A view of lawyers as bankers–as essentially caretakers of money–diminishes the legal profession and is ultimately counterproductive. It diminishes the profession by taking out the sense of higher calling that the profession attributes to itself. To speak such heavy-sounding words like justice and truth is not easily done, yet the legal profession prides itself for having used them for centuries. Without them the profession may be more akin to a trade–content with delivering “goods.” With the ongoing specialization of the legal profession and the larger world, perhaps it’s better that way; perhaps we should leave those questions to philosophers and academics. It’s certainly easier. It’s also just passing the buck on our actions and letting someone else worry about them.

The reason why the trend of lawyers as bankers would be ultimately counterproductive is linked to the previous answer.
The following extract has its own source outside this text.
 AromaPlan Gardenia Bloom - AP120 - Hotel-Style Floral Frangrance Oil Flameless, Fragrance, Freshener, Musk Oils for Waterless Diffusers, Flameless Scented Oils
Historically, lawyers have served key funcions in society by mobilizing and influencing public opinion (John Adams defending the royalist guard after the Boston Massacre, comes to mind). It is possible that the combination of ever increasing profits in major law firms, the nation-wide increase in the gap between the poor and the rich and the lawyer as banker mind-set, would do away with whatever confidence our incantations of justice and truth have created in the already distrustful general public. This may not be that bad. Perhaps it won’t be that different from the way it’s now, but I suspect most of us would rather be admired than distrusted.

Instead of lawyers as bankers, I believe lawyers should swing back the pendulum in the direction of lawyers as doctors. Lawyers as women and men that cure social ills. Lawyers that serve as much the rich as the poor, whose work ultimately is not too far away from their vision of a just society.